My wife of almost 17 years walked out on me and our two lovely daughters (15 and 13). She said that she needed to move in with her parents because she was feeling overwhelmed and needed her space. Of course, I am freaking out but I try and be respectful and give her, her space. Here is where the story gets interesting.

We bought a horse 8 months ago for our 15 year old daughter. But I knew it was really for my wife and thought it would be good for her, because I could sense she was feeling depressed. About the time she started working with an older gentleman (55) we are both 44 to help her train our horse. When she left I asked her if there was someone else and she told me no.

Well on the 30th, I had to go to the ER and she met me there for support which I thought was great and you know how slowly things happen in an ER, it gave us time to have a great conversation and I basically told her how I felt we could work things out. Again, I asked if there was someone else and you guessed it, there is. I asked her if she loved him and she said no but she has an emotional attachment. He is easy to talk to and doesn’t expect anything from her. I on the other hand am frustrating her because I have expecations like wanting her to come back home. Okay, but I ask her have you slept with him? She says no and I believe her because she has always been the most trustworthy person I have known.

We have plans to go out New Years Eve for dinner. I try and call her at work to make sure that we are still on and to thank her for going to the ER the day before. I can’t get a hold of her and my calls to her cell go straight to voicemail. I finally call her Mom to see if she is was at their house and she says she hasn’t seen her since yesterday. Well she finally calls me around 12:00 and I ask her what is going on? She said that she needed to talk because she is confused and went to his house and then became tired and fell asleep. I am dumbfounded that we seem to have a great conversation and as soon as she leaves the ER she drives straight to his house. She assured me that she is not sleeping with him and we are still on for dinner. I pick her up and try and make it like a first date. We have a very nice conversation at the bar and dinner. I take her back to her parents because she said she is tired and I don’t try and push watching the ball drop; I know she needs her space.
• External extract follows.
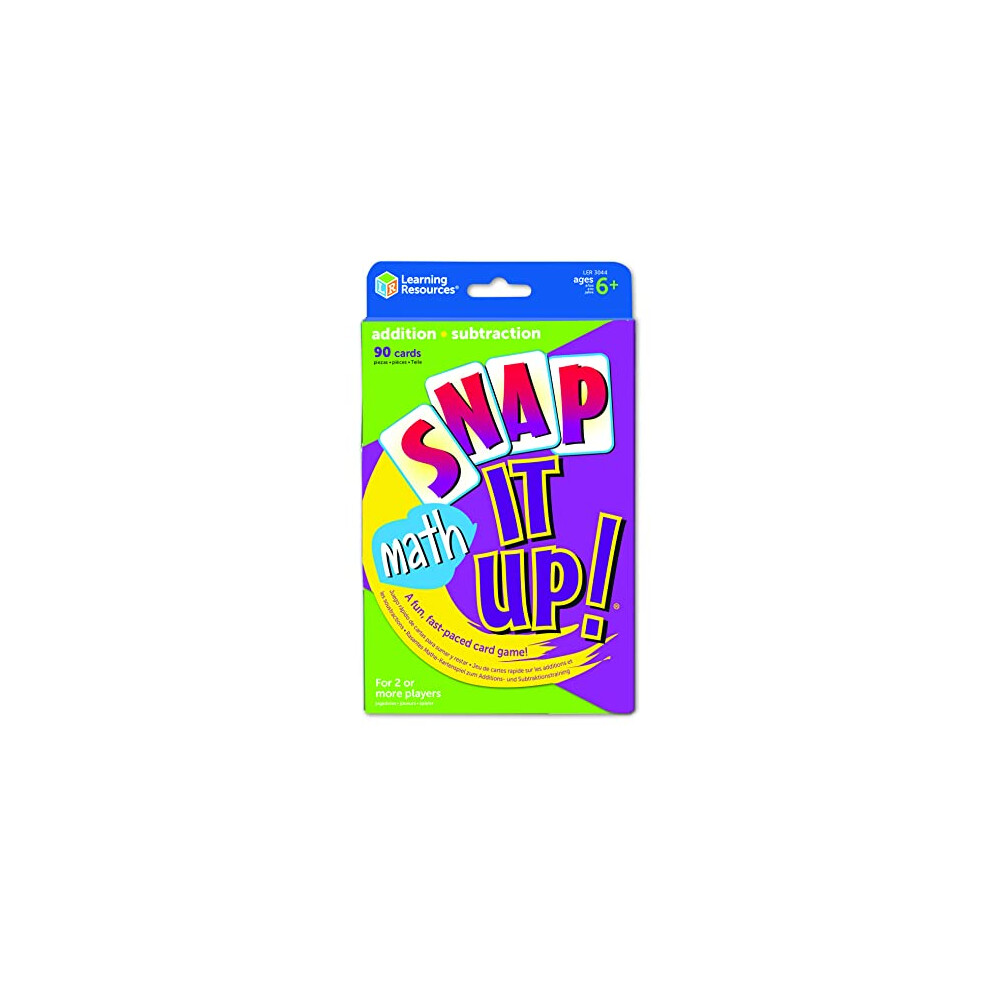 Learning Resources Snap It Up! Math: Addition and Subtraction Card Game,90 Cards, 2-6 players, Grades 1+, Ages 6+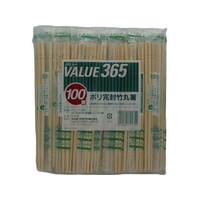 やなぎプロダクツ バリュー365 ポリ完封竹丸箸 楊枝入 100膳 FC869SJ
Well, I decide to see if she is truly tired and going to stay home. I decide to park down a side street and wait for 15 minutes to see if she leaves. You guessed it, she leaves her parents and I follow her for a while until I know for sure that she is headed towards his house. I call her on cell phone just to see if she would answer and she wouldn’t. I then pulled up beside to let her know that I was not stupid. I called her again and she answers and I asked what are you doing? I asked her to please pull over so we can talk because this is two nights in a row that she has gone to his house for the night. She agrees to pull over and again I asked her is she was sleeping with him. Again she tells me no, but finally she says yes, I slept with him one time. I asked her is she loves him and she says no but I have an emotional attachment. I told her that I couldn’t believe that she would do this to us since we have discussed how sex outside of the marriage was a strict no-no as it should be. She says that she loves me but she is not in love with me. I asked her why she slept with him and she said she didn't know. I asked her what do I do to deserver this; I have never raise a hand to her, belittled her, did anything but treat her like a princess and love her. She said yes, that I am a wonderful father and a great husband. That she is ashamed that she slept with him and wants me to hate her. I tell her that I can’t bring myself to hate her. 

Last week, she made an appointment with a marriage counselor for next week and had asked if I was willing to go. I told her that I wanted to work things out and I was willing to do anything. I asked her if she still wanted to seek counseling and she said yes. I then asked if she was willing to try and she said yes but she couldn’t promise anything. I told her that I understood and asked if she could not sleep with him anymore until we get things figured out. She said that she wouldn’t but she still wanted to go over to his house because that is the only place that makes her happy. 

Since she has left, she barely calls our two daughters or our grown son. She has seen the girls once when she came over to get some more of her things. She adored our children and it is very puzzling how she doesn’t want anything to do with them. Our son told me, Dad I left her a message and she doesn’t call me back. I asked her about this and she says people want answers and she doesn’t know how to verbalize what is going on. Apparently, the only one she can verbalize to is this guy of 8 months.

Her sister and her parents can not believe she is doing this and it is very uncharacteristic of her. I totally agree, I told her I can understand that she needs to get away from me but I don’t understand why she needs to get way from our children. She says that she needs to talk to a counselor. She said that she feels like just running away. Quitting her job and leaving everyone and everything behind.

Obviously, I am a mess, I can’t eat, I can’t sleep and I feel numb. I still love her very deeply and I told her that all I ask is for is a chance to work things out. My question is, am I stupid? Should I just let her go and start divorce proceedings? Any advice would be greatly appreciated.


----------



## Sagittarius (Nov 6, 2010)

I am troubley sorry that you are in this situation. It sounds as if your wife has let things go too long. Counseling for her is a good idea and counseling for both of you together. If you want to try to work at it still, I think this is a most (counseling). See how that goes. You have to think about you and whats best for you at this time. Good Luck, Sagittarius


----------



## the guy (Aug 3, 2010)

I think you should get the OM involved. He may not understand that his actions with your wife are effecting the kids, along with your marriage. He may not understand that your family in jeprody.

Have you done a back round check on this guy? This vampire is using your weak wife and he knows she married, so his morals may not be the kind of morals young teenage daughters should be around.

Find out who this guy is and expose his thurst for married women to all that will listen. Especially to the next guy that hires him to train his wifes horse. As far as horse trainers go, he is not being professional and others should be warned.

If you can get this guy out of the picture it may hepl your wife out of the fog. Remember you have a wife and kids to protect. Its not about her or you, its about fighting for your family as a whole.

Go with caution, this will piss off your wife, b/c she is not seeing clarly.


----------



## rome2012 (Sep 10, 2010)

Mmmhh....I don't think this guy is on here anymore....

The post is from 01-01-2009....


----------